Do you send to Canada as well?


----------



## Cheryl Jaeger (Oct 25, 2011)

I love your baby shoes!!!


----------



## KnittingNut (Jan 19, 2011)

AmyKnits said:


> Adorable.
> 
> I think THESE may be the booties she made....
> 
> ...


----------



## denisejh (May 20, 2011)

Mthrift-here's the link to the free similar pattern on Ravelry. Denise http://www.ravelry.com/patterns/library/baby-janes-3


----------



## denisejh (May 20, 2011)

Gel403-Beautifully knit and adorable. Well done!!! Hope you sell many pair. Denise


----------



## denisejh (May 20, 2011)

Everyone-Keep in mind, Gel is making these mary janes to sell. She may not want to give out the pattern. Look at the other pattern links posted. There are some that are quite similar. Denise


----------



## shirley323759 (Apr 3, 2011)

they are gorgeous. could you share the pattern please?


----------



## Needlesgalore (Dec 30, 2011)

Love your shoes, so sweet.


----------



## Lalane (Aug 23, 2011)

Beautiful little shoes.


----------



## stitch1 (May 16, 2012)

are they knitted or crotcheted please and are we able to get the pattern.I do a lot of knitting for the church op shop and think these would be great, for young mums or grandmums to buy.


----------



## yona (Feb 7, 2011)

So cute!


----------



## hennie (Mar 28, 2011)

Found them I think lol a madmonkey design xx
http://www.ravelry.com/patterns/library/baby-easy-lace-stitch-sandals


----------



## martiwi (Oct 25, 2011)

They're beautiful. If that's your own pattern you're very talented.


----------



## AmyKnits (Aug 20, 2011)

denisejh said:


> Everyone-Keep in mind, Gel is making these mary janes to sell. She may not want to give out the pattern. Look at the other pattern links posted. There are some that are quite similar. Denise


I hope that is not the case.... if that is her intent, they should be posted under the classified section. This section is for sharing pictures and will lend itself to questions from other knitters wanting to know the site to purchase or obtain the pattern. Perhaps the original poster was not aware.

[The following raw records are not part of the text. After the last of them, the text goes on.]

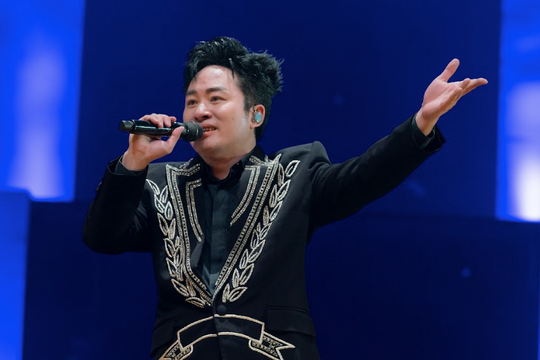 Tùng Dương đu dây, hát nhạc remix 'quẩy' cùng hàng nghìn khán giả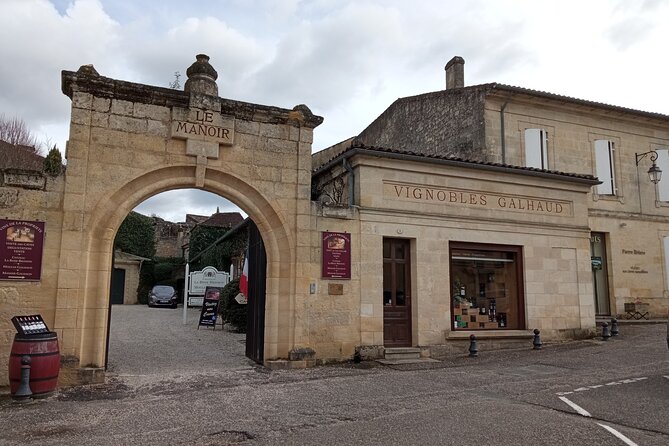 Isaac Newton’s Trail: Puzzle Quest in Saint-Émilion - Access and group setup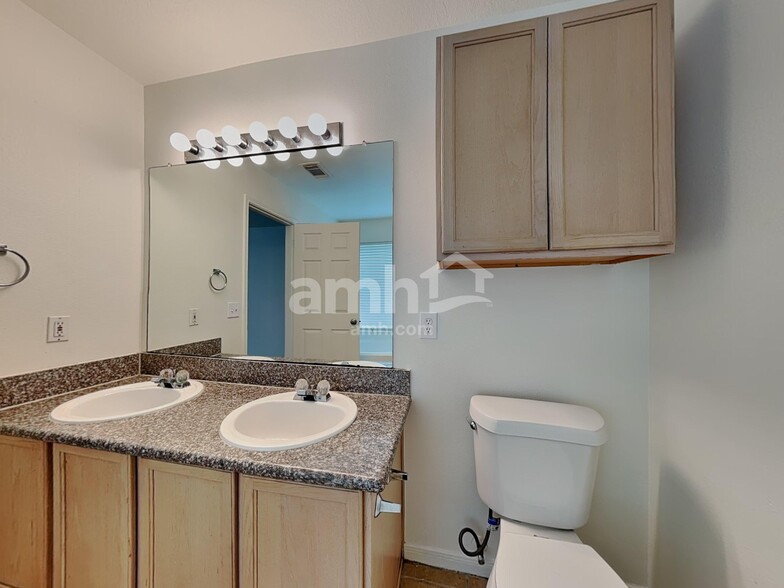 Building Photo - 11806 Skydale Dr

In any event, we have shared many similar patterns.... if not the exact pattern.

Happy Knitting!


----------



## antpms (Feb 11, 2013)

They are really gorgeous! I live in Rhode Island, USA and have never seen such a pattern. Is there anyway you could post that pattern on this site?


----------



## hennie (Mar 28, 2011)

The pattern is from madmonkeyknits, I;ve just bought the pattern myself lol 

See my post above for the link


----------



## AmyKnits (Aug 20, 2011)

hennie said:


> The pattern is from madmonkeyknits, I;ve just bought the pattern myself lol
> 
> See my post above for the link


I believe that you are correct... this one is the pattern used.

I have also listed several free patterns which are very similar.


----------



## tootsieroller (Aug 28, 2011)

absolutely love them!


----------



## Strickliese (Jan 6, 2012)

They are very pretty.


----------



## kimmyz (May 9, 2011)

Sweet!


----------



## Elaine C. (Jul 9, 2011)

Gel403 said:


> Been away for a while, working lots so not had much time for myself but when i have had "Me" time I've been busy knitting.These are the first shoes I've made. They're really pretty and I've sold 3 pairs. Hope you like them


These little shoes are just precious. I am not surprised they sold. AdOrAbLe!!! I would love the pattern if you can share.

Lovely work!!


----------



## mamalbert (Jul 18, 2011)

These are the cutest I've ever seen, is pattern available to share? Hoping to have new grandbaby this year and would love to have them ready for arrival.


----------



## Gel403 (Apr 23, 2012)

AmyKnits said:


> denisejh said:
> 
> 
> > Everyone-Keep in mind, Gel is making these mary janes to sell. She may not want to give out the pattern. Look at the other pattern links posted. There are some that are quite similar. Denise
> ...


----------



## antpms (Feb 11, 2013)

Thanks for the link don't know how to convert pounds to dollars so I purchased patterns on ETSY site. Money will still go to shop owner in the UK!


----------



## hennie (Mar 28, 2011)

antpms said:


> Thanks for the link don't know how to convert pounds to dollars so I purchased patterns on ETSY site. Money will still go to shop owner in the UK!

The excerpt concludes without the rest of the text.